• _Exercise description_:
Output only the entries, exactly as given, without the pictures.

• _Input material_:
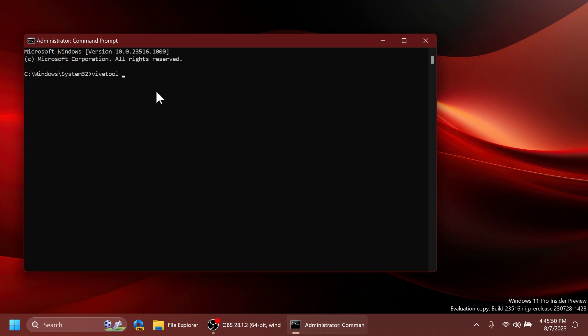First command will be this one: vivetool /enable /id 34508222. Press enter and you should receive the message successfully set feature configuration. This is the command or the ID that will enable the new labels.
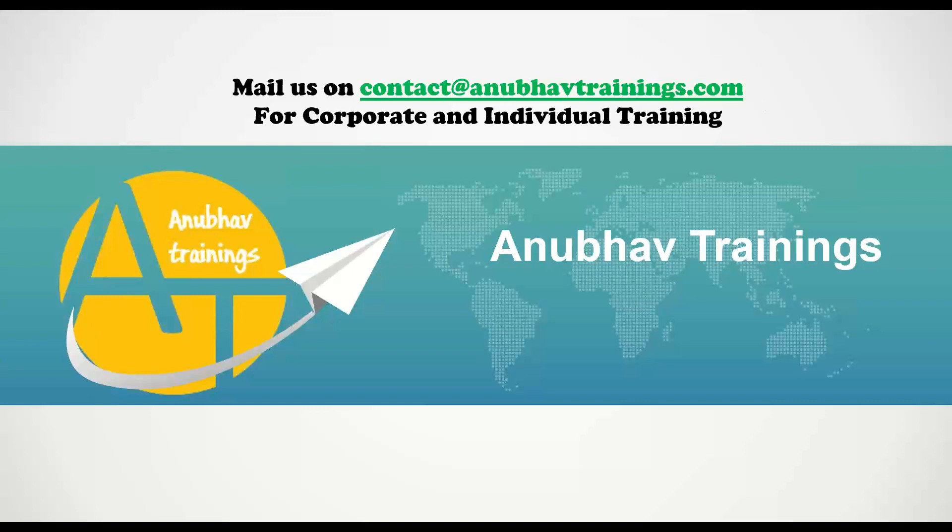Thanks for watching. Please like, share, subscribe this channel for more interesting videos like this. For detailed training on Cloud Platform and Cloud Foundry, feel free to join our course on Business Technology Platform with AnubhavTrainings.com. With that, Anubhav signing out. Thank you and goodbye. Bye.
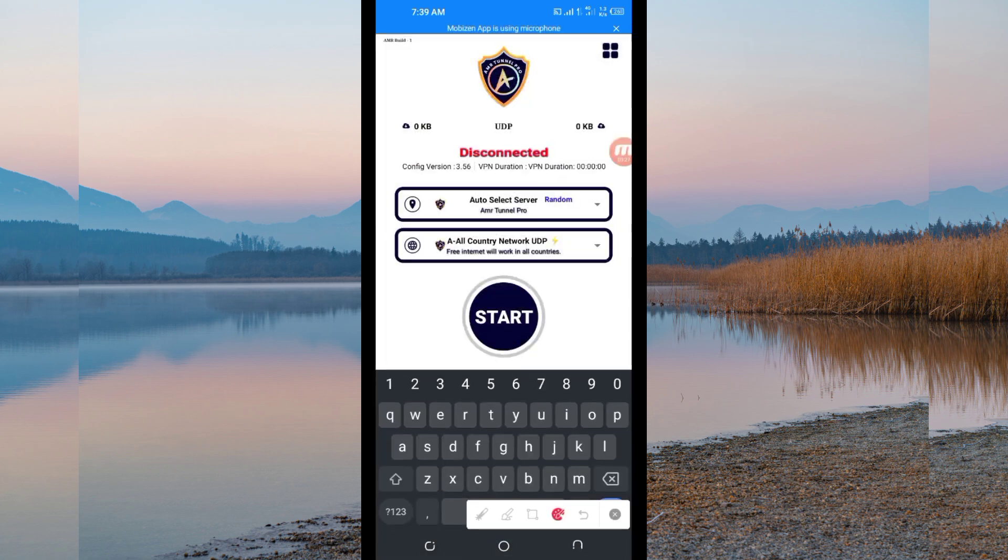Then after that, the last setting you have to do to initiate a social connection, you'll be required to click on the start button here.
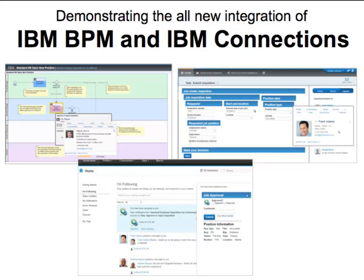This is a short demonstration of what's possible when you combine the leading BPM platform, IBM Business Process Manager, with the leading enterprise social platform, IBM Connections.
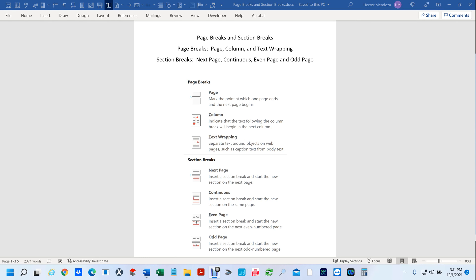Hello everyone, my name is Hector Mendoza. In this video, I want to talk to you about page breaks and section breaks.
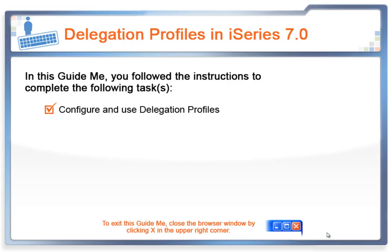In this GuideMe, you followed instructions to complete the following task: Configure and Use Delegation Profiles.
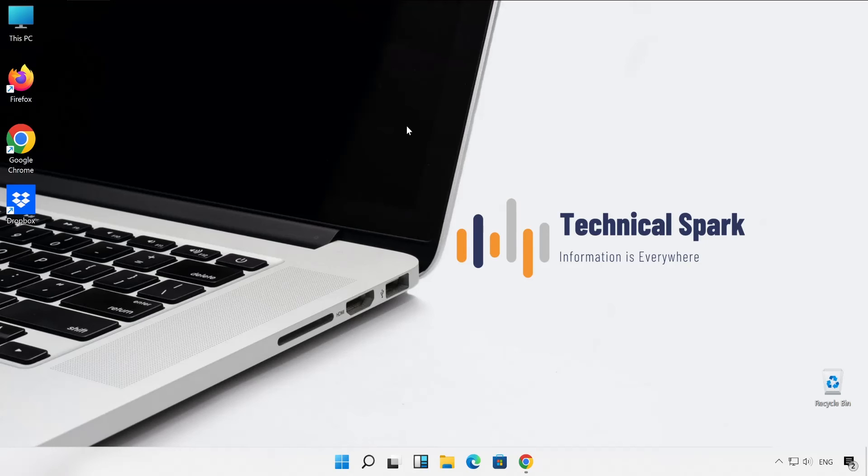And guys, these website links are available in the video description. Friends, you can just go ahead and visit those websites and check out how exactly your monitor is performing nowadays. So that's it in this video. This is Sohan signing out. I'll catch you in the next amazing video. Till then, bye.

• _Exercise solution_:
First command will be this one: vivetool /enable /id 34508222. Press enter and you should receive the message successfully set feature configuration. This is the command or the ID that will enable the new labels.
Thanks for watching. Please like, share, subscribe this channel for more interesting videos like this. For detailed training on Cloud Platform and Cloud Foundry, feel free to join our course on Business Technology Platform with AnubhavTrainings.com. With that, Anubhav signing out. Thank you and goodbye. Bye.
Then after that, the last setting you have to do to initiate a social connection, you'll be required to click on the start button here.
This is a short demonstration of what's possible when you combine the leading BPM platform, IBM Business Process Manager, with the leading enterprise social platform, IBM Connections.
Hello everyone, my name is Hector Mendoza. In this video, I want to talk to you about page breaks and section breaks.
In this GuideMe, you followed instructions to complete the following task: Configure and Use Delegation Profiles.
And guys, these website links are available in the video description. Friends, you can just go ahead and visit those websites and check out how exactly your monitor is performing nowadays. So that's it in this video. This is Sohan signing out. I'll catch you in the next amazing video. Till then, bye.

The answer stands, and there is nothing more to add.